As I said downthread.....

In Conan Doyle's books, Holmes was a user of cocaine, not an addict.

This modern desire to portray Holmes as a drug addict says far more about our own times.


Replies

papercranetoday at 6:30 PM

When Doyle wrote most of the Holmes stories cocaine was a popular and novel new drug, it wasn't until later that it's risks became widely known. In one of his later stories, "The Adventure of the Missing Three-Quarter", Doyle portrays it as an addiction that Watson weaned him of, but is still concerned that his friend may fall back into.

"For years I had gradually weaned him from that drug-mania which had threatened once to check his remarkable career. Now I knew that under ordinary conditions he no longer craved for this artificial stimulus, but I was well aware that the fiend was not dead but sleeping, and I have known that the sleep was a light one and the waking near when in periods of idleness I have seen the drawn look upon Holmes’ ascetic face, and the brooding of his deep-set and inscrutable eyes. Therefore I blessed this Mr. Overton, whoever he might be, since he had come with his enigmatic message to break that dangerous calm which brought more peril to my friend than all the storms of his tempestuous life."

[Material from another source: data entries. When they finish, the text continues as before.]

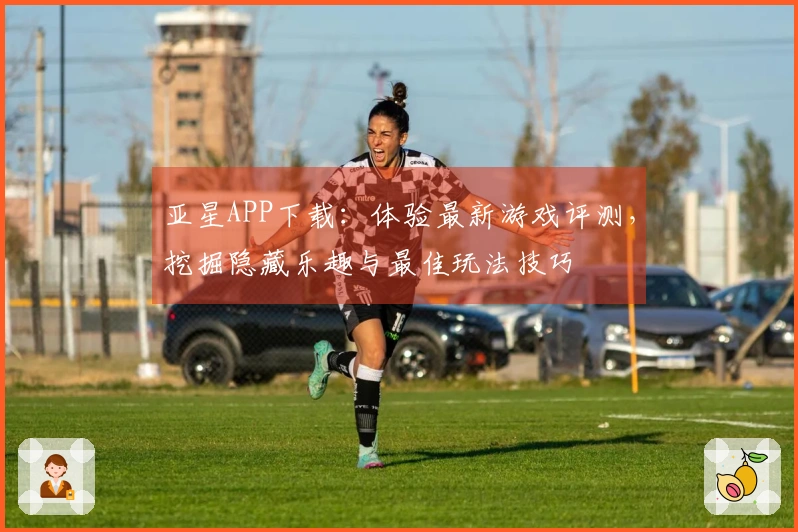 亚星APP下载：体验最新游戏评测，挖掘隐藏乐趣与最佳玩法技巧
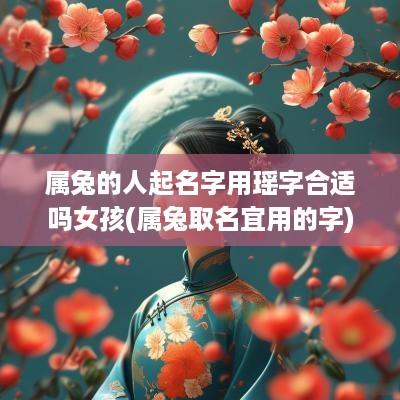 属兔的人起名字用瑶字合适吗女孩(属兔取名宜用的字)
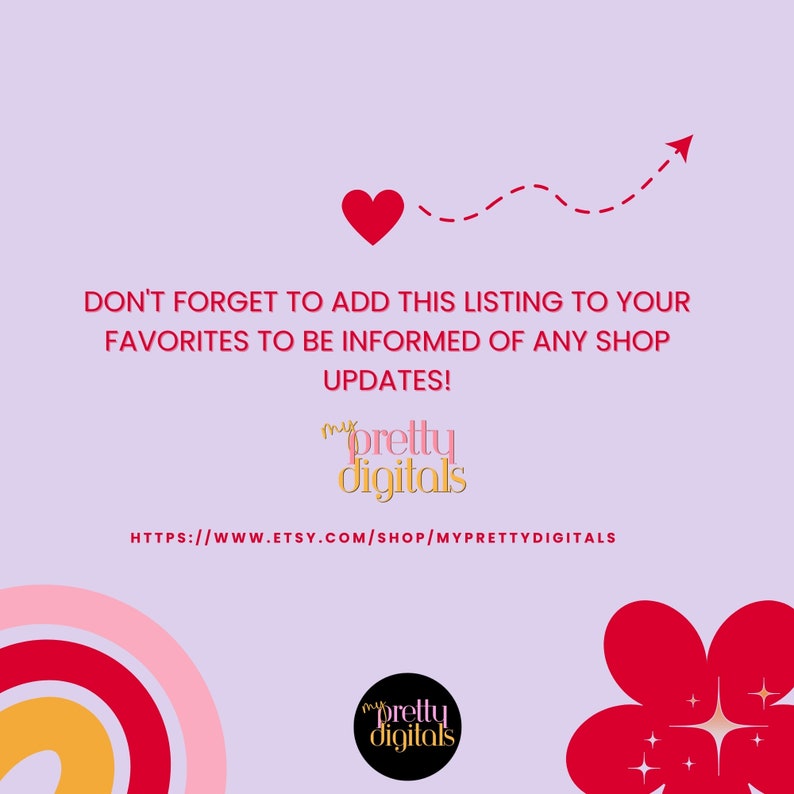 Puede incluir: Un fondo rosa y morado con un coraz&oacute;n rojo y una flecha roja apuntando hacia arriba. El texto "DON'T FORGET TO ADD THIS LISTING TO YOUR FAVORITES TO BE INFORMED OF ANY SHOP UPDATES!" est&aacute; en negro. El texto "my pretty digitals" est&aacute; en rosa y negro. El texto "HTTPS://WWW.ETSY.COM/SHOP/MYPRETTYDIGITALS" est&aacute; en negro. La imagen tambi&eacute;n incluye una flor roja con estrellas doradas.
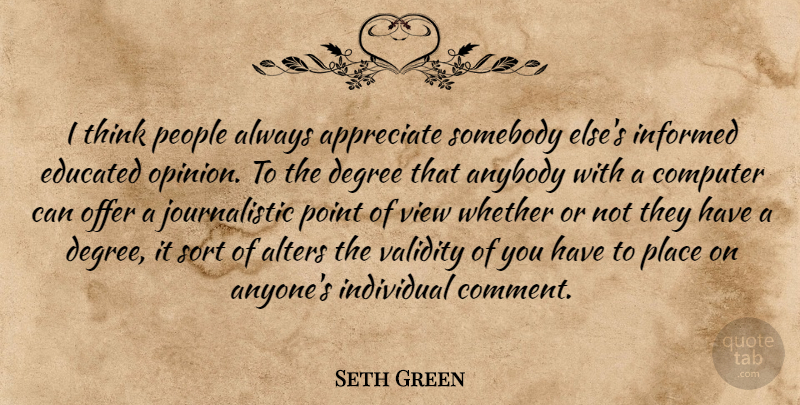 Seth Green Quote About Thinking, Views, Appreciate: I Think People Always Appreciate...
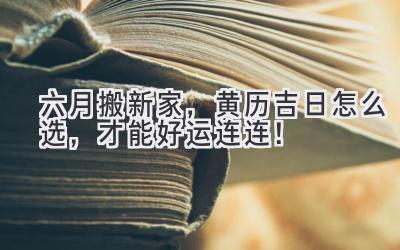   六月搬新家，黄历吉日怎么选，才能好运连连！ 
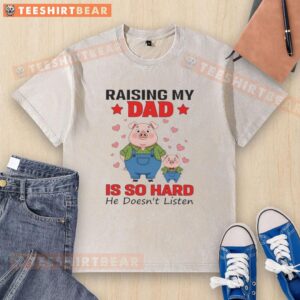 Cute washed t-shirt featuring 'Good Pigs Raising My Dad Is So Hard, He Doesn't Listen' design for pig lovers.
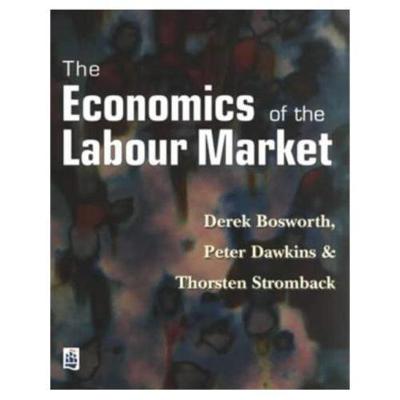 Book cover for Economics of the Labour Market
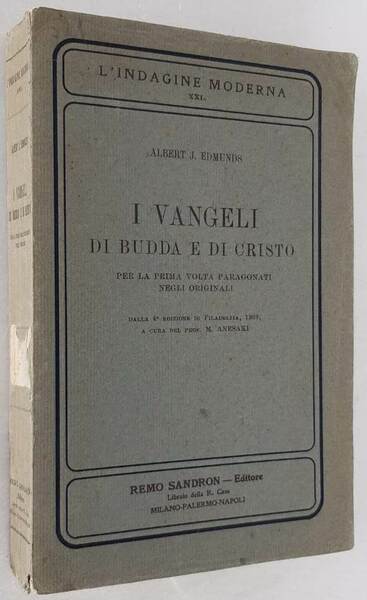 I Vangeli di Budda e di Cristo. Per la prima …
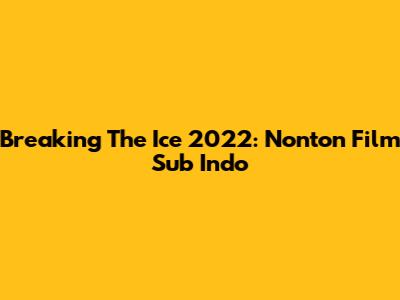 Breaking The Ice 2022: Nonton Film Sub Indo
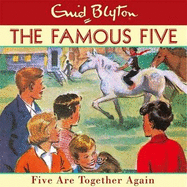 Famous Five: Five Are Together Again: Book 21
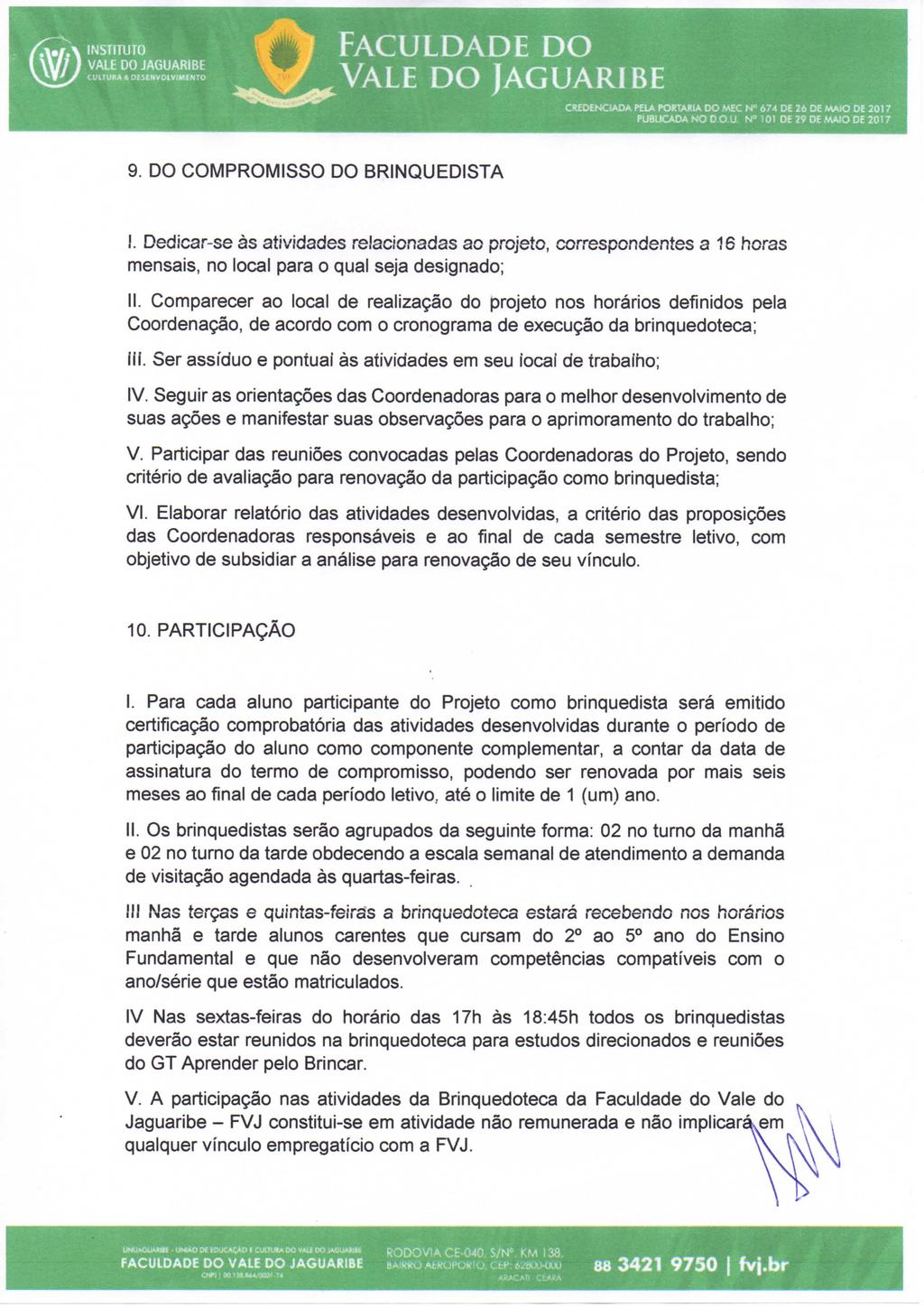 insimuo ^ y - í = m f FACULDADE DO.J^VALE DO JAGUARIBE CREDENCIADA PEIA PC«TAR1A DO MEC N» 674 D 26 DE MAIO OE 2017 PU8UCADA NO D.O.U 1D! OE 29 DE.MA!0 DE 2017 9. DO COMPROMISSO DO BRINQUEDISTA I.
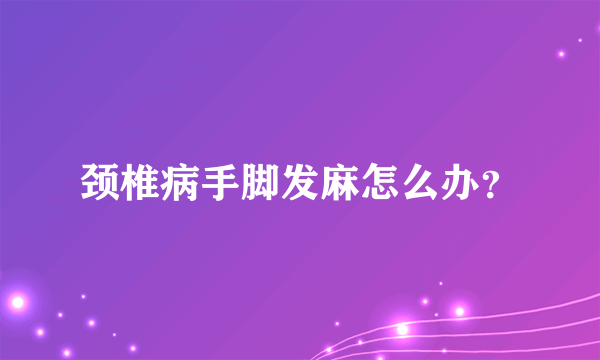 颈椎病手脚发麻怎么办？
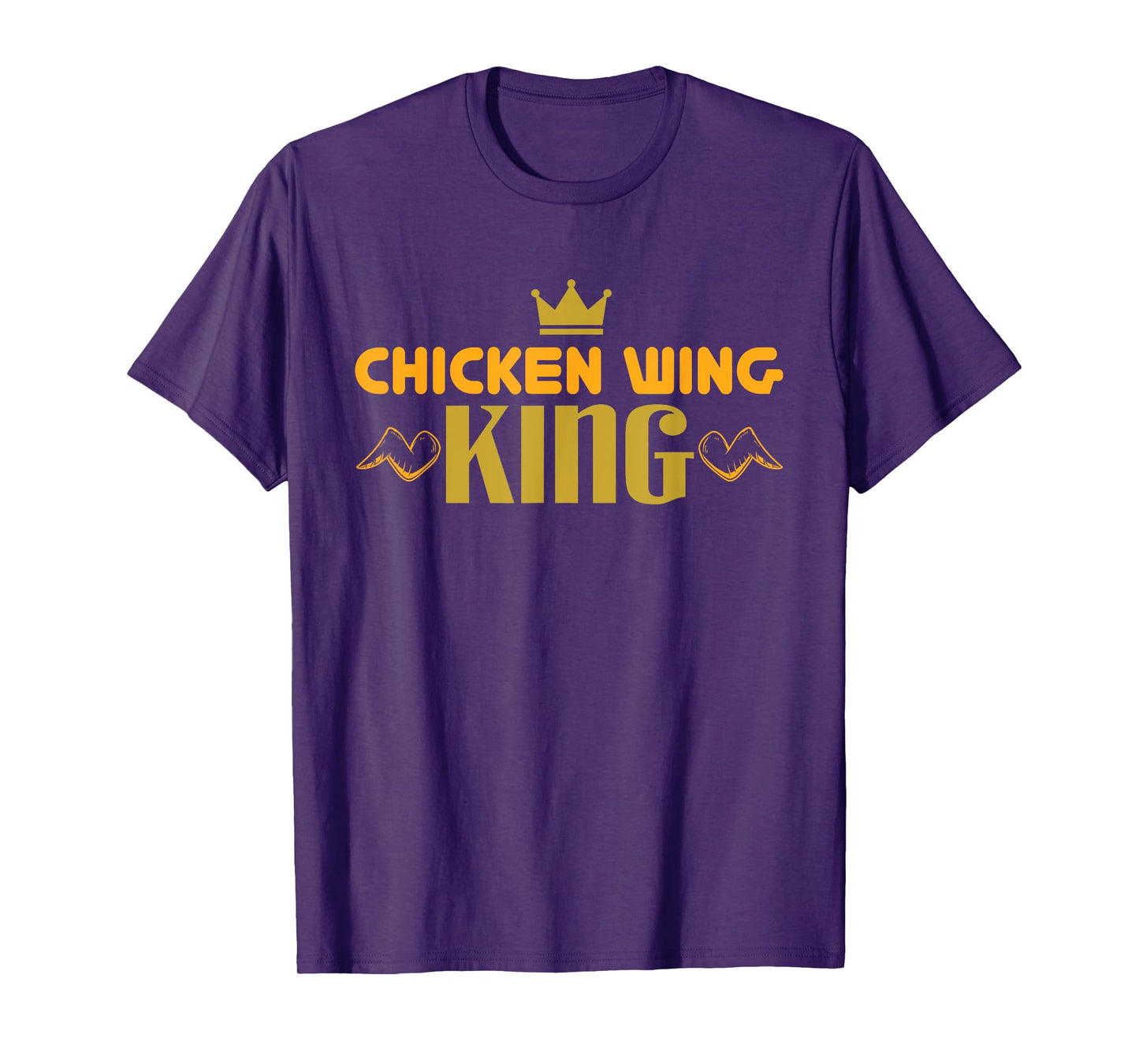 Chicken Wing King - Chicken Wing T-Shirt
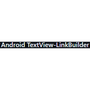 Android TextView-LinkBuilder
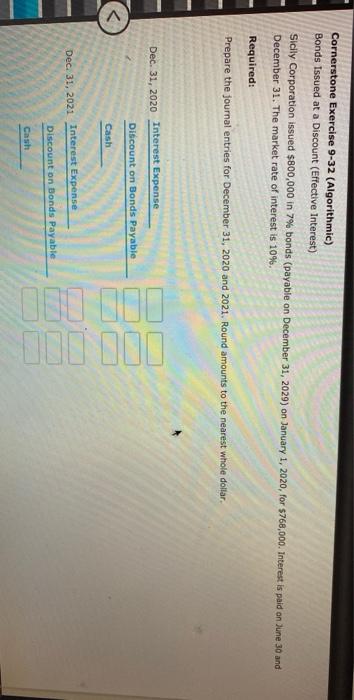  Cornerstone Exercise 9-32 (Algorithmic) Bonds Issued at a Discount (Effective Interest)
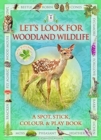 Image for Let&#39;s Look for Woodland Wildlife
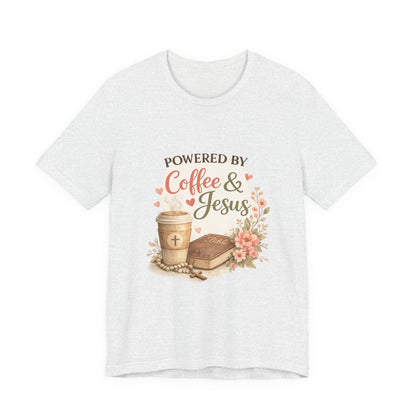 Powered by Coffee & Jesus Graphic Tee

- https://en.wikisource.org/wiki/The_Return_of_Sherlock_Holmes...

fidotrontoday at 4:56 PM

In the One True TV Holmes https://www.imdb.com/title/tt0086661/?ref_=nm_flmg_job_1_acc... this is even shown as a tension between Holmes and Watson, with Watson showing the modern view.

Of course Brett was in fact completely out of it for much of the filming on all sorts of things.

Edman274today at 5:19 PM

A few things; one, even if it's not strictly speaking true that cocaine use always leads to addiction every single time, we know now better than in Victorian era England how often it does, and Doyle not having been a cocaine user may have lost some of the elements of how cocaine is addictive and what it looks like. I hate to say that there is some moral duty to show a protagonist using cocaine as having a problem with its use that needs to be overcome, but I do think it'd be strange too to keep what was effectively this SMBC comic (https://smbc-comics.com/index.php?db=comics&id=191) as Holmes' use of coke.

Secondly, the stories that mention coke use are all written from the perspective of Holmes' best friend, who we'd expect to be biased towards writing about his friend in a positive light. I don't think this is accidental. Watson quotes him effectively saying "I just do coke because life is so mundane and boring, and not stimulating enough for me" which is nearly the exact same justification and thought process used by like, every addict and if not a word-for-word quote, then at least very similar for Chris Moltisanti's justification of his own addiction to Tony Soprano.

It may not be an exact rendering of what was in the books but it is extremely natural modification to make, where otherwise we'd have flat Marty Stu character who is talking in ways that seem very consistent with at least problematic use and yet who's not addicted. "Our own times" have dealt with at least 100 years of coke addiction, 50 years of crack so maybe we're just not naive enough to believe that a guy who's saying "my friend just takes it when he's bored, but he's bored all the time because his mind is too sharp for this dull world" isn't a problematic user or addict.